Changement total de registre avec le concert du soir. Je suis un novice du classique et du contemporain. Ce n’est pas ma sensibilité première, mais cela ne m’empêche pas de m’installer dans le Grand Théâtre de Limoges sans aucun a priori, curieux. Le début du
concert est plaisant, j’apprécie la musique minimaliste, et les pièces de Baptiste Trotignon sont à mon goût. Je passe un moment sympathique. Viennent ensuite trois compositions autour du blues de Fabien Touchard. Je n’en saisis malheureusement pas l’intérêt. Jusqu’ici, il me manque un élément crucial, la touche Jatekok. La musique est jouée parfaitement, avec rigueur et précision. J’ai l’habitude et le besoin de sentir que la musique est personnelle, ou que l’on en fait quelque chose de personnel. Jusqu’ici, je n’arrive pas à ressentir l’univers du duo. Avec Crazy Quilt, je n’y suis toujours pas, mais durant leur interprétation de Lonely Woman, ça y est. J’entends enfin le Duo Jatekok, j’ai le bonheur de redécouvrir ce morceau autrement, avec leur version. Modern Music profite, me semble-t-il, de l’élan insufflé par la pièce précédente, et j’entre dans le concert. Je suis enfin prêt, avec elles. Le duo se lève, salue, s’en va. Bien sûr, il y aura trois rappels, et le premier, Blue Rondo à la Turk, est du même acabit que les compositions qui l’ont précédé. Mais, la prestation est, somme toute, terminée.
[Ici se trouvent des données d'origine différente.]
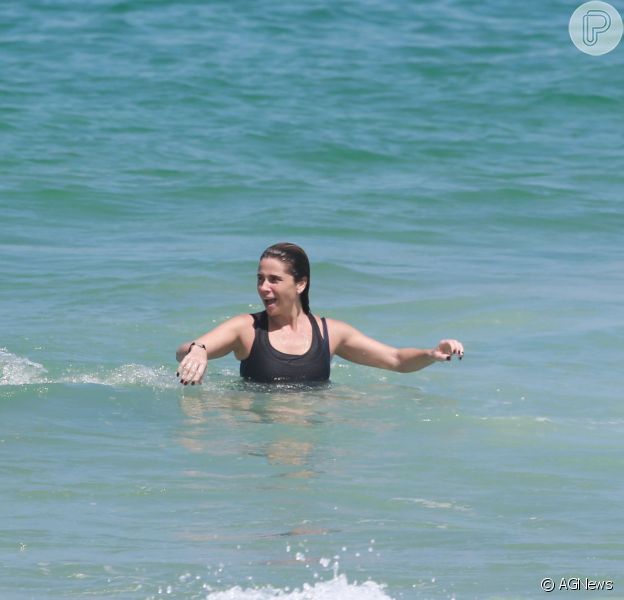 Giovanna Antonelli se jogou no mar de roupa depois de praticar exercícios debaixo de sol na praia da Barra da Tijuca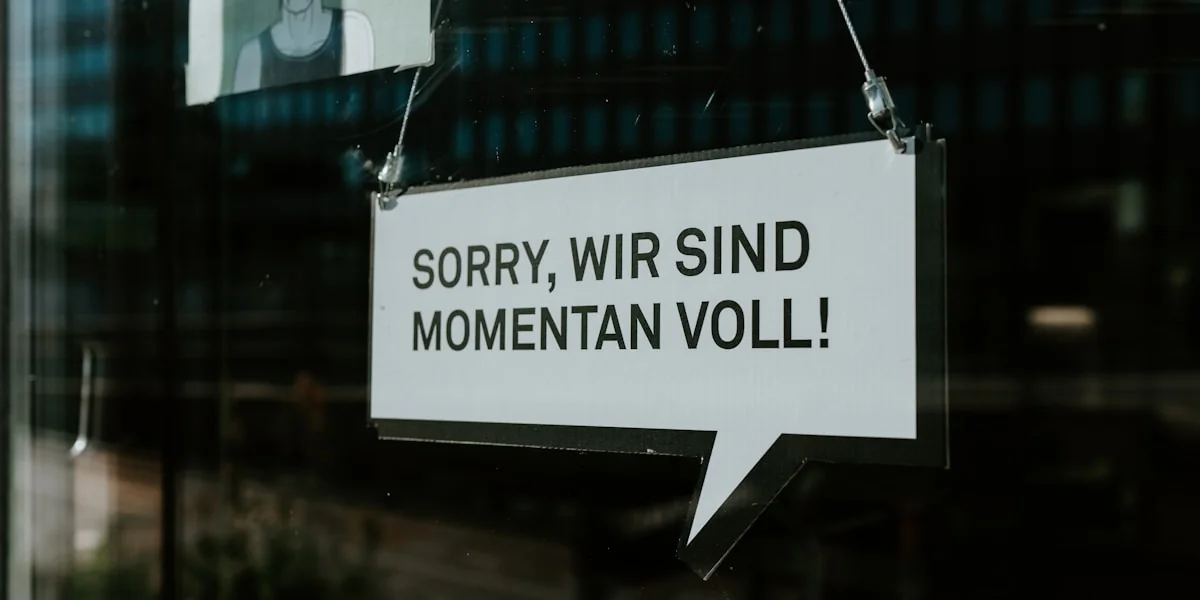 white and black wooden sign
Je n’ai pas pour habitude de décortiquer ainsi un concert, mais après ce moment, je suis un peu perdu. Selon moi, le concert aurait dû commencer par Lonely Woman. Sur ce morceau, le duo a une véritable interprétation personnelle et touchante. C’est à ce moment-là que j’ai vraiment l’impression d’entendre le Duo Jatekok. Je me dis qu’en partant de là, et en essayant de garder quelque chose de cette interprétation sur le reste du programme, sans forcément le changer -à l’exception des blues-, ce concert m’aurait paru différent, et m’aurait probablement plus touché. Peut-être est-ce simplement la sensibilité, l’habitude, et les connaissances, qui m’ont fait défaut ce soir. Je retiens le Lonely Woman, en me disant que l’interprétation de ce morceau représente vraiment ce qu’ont à offrir les deux pianistes.